_RECORDS SHOWN_
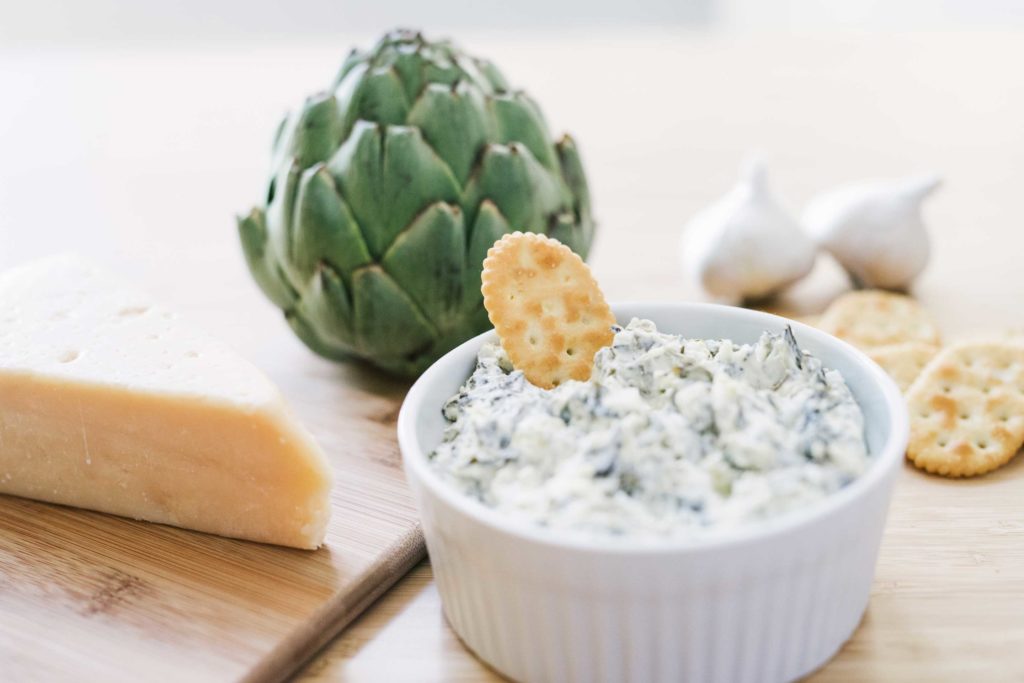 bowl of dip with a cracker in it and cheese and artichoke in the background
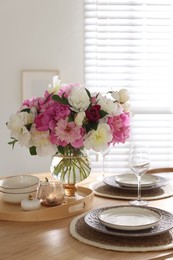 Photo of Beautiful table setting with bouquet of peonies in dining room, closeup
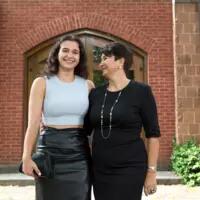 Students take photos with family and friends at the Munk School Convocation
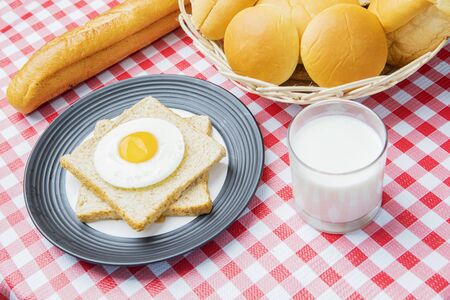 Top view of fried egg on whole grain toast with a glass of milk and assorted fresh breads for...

* * *

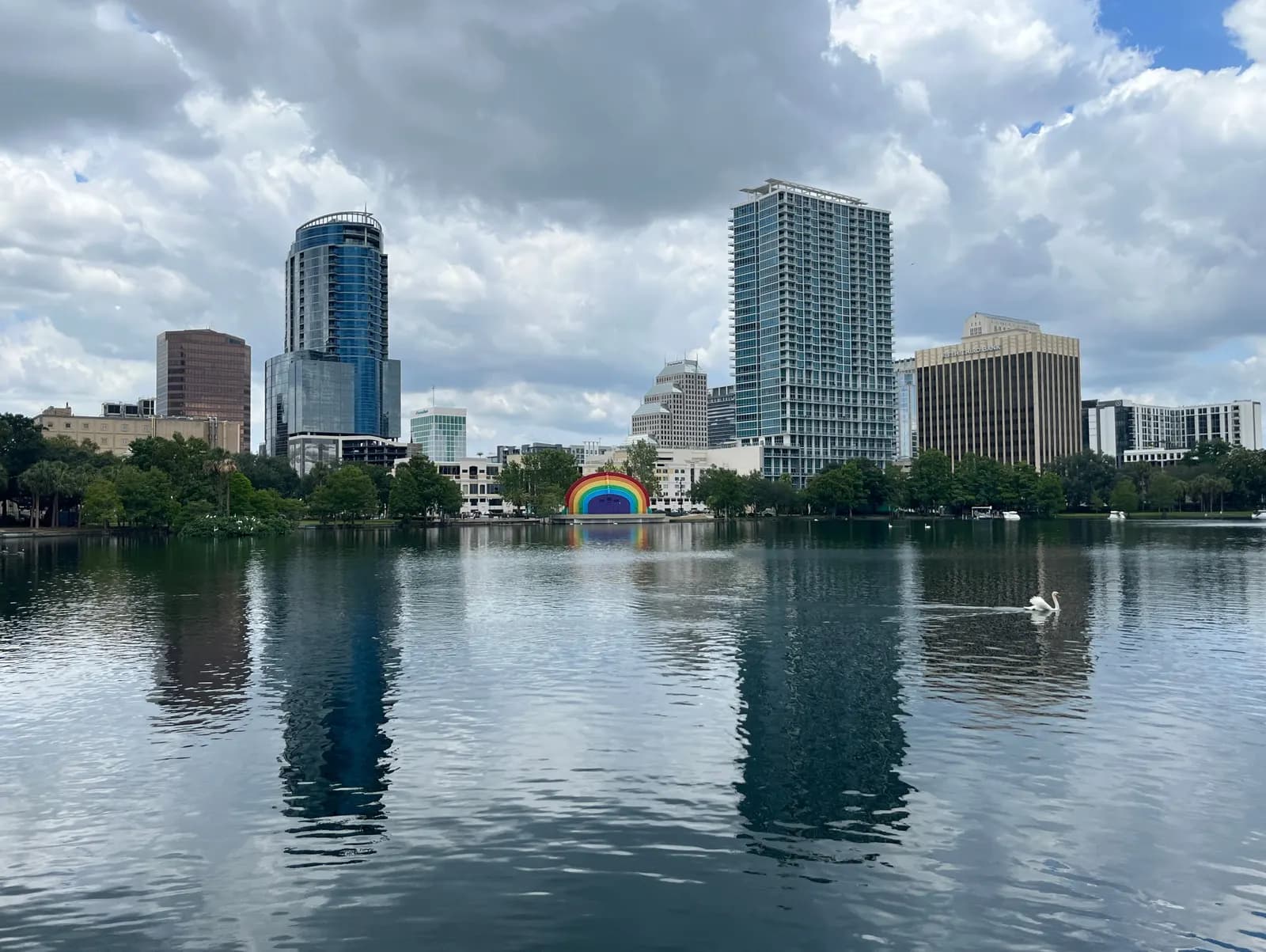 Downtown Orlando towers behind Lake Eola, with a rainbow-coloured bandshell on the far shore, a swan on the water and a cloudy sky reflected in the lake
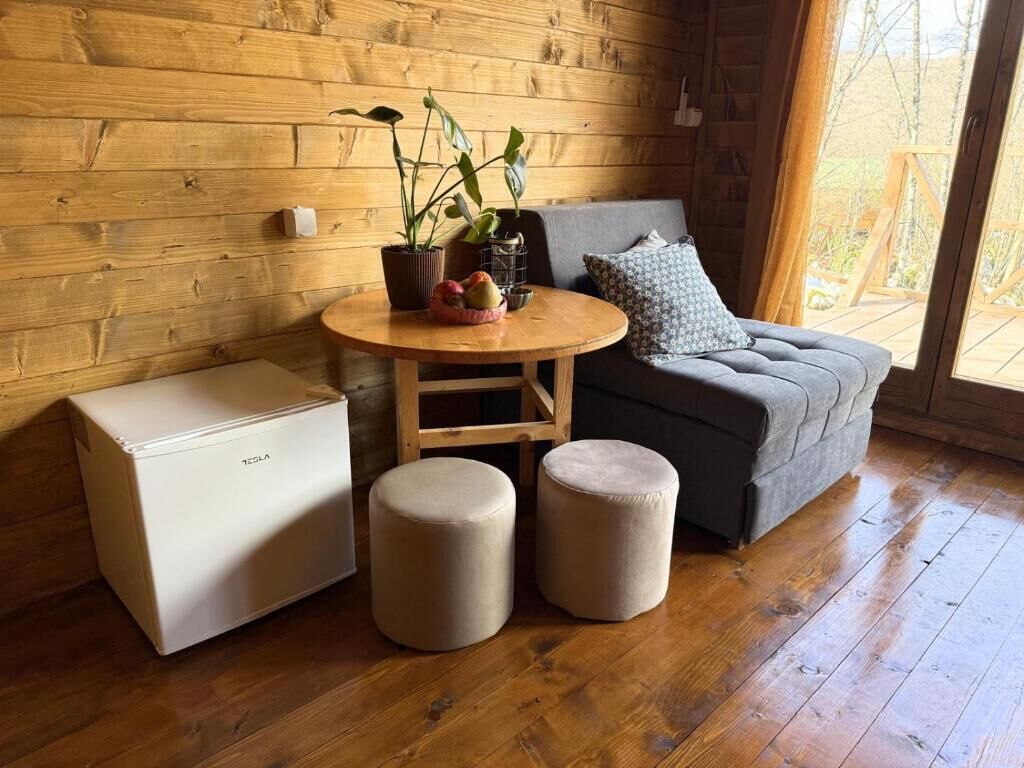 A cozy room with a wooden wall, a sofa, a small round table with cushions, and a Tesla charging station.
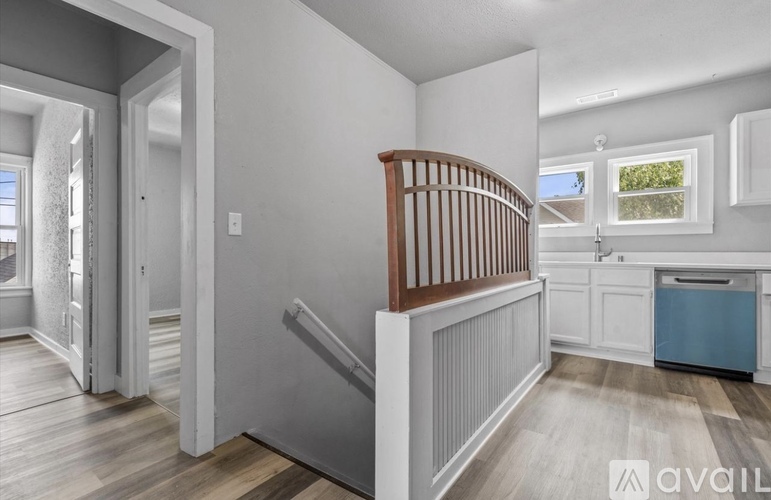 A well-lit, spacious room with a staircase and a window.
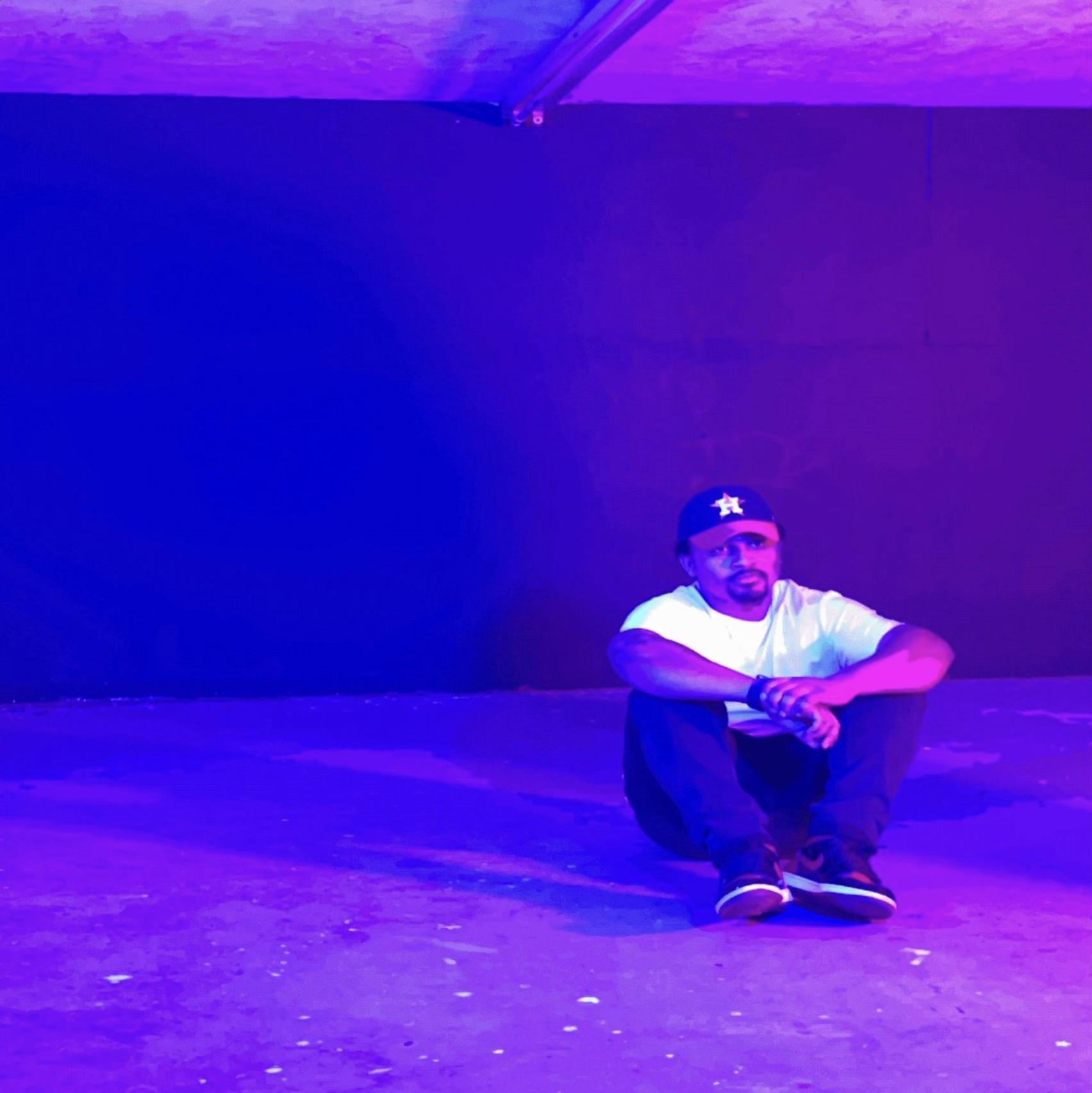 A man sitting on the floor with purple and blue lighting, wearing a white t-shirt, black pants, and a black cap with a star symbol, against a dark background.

_EXERCISE_
Within the listing above, the lines from the one with "A well-lit, spacious" through the one with "A man sitting" are to be given again word for word. Do not include pictures.

_SOLUTION TO THE PROBLEM_
 A well-lit, spacious room with a staircase and a window.
 A man sitting on the floor with purple and blue lighting, wearing a white t-shirt, black pants, and a black cap with a star symbol, against a dark background.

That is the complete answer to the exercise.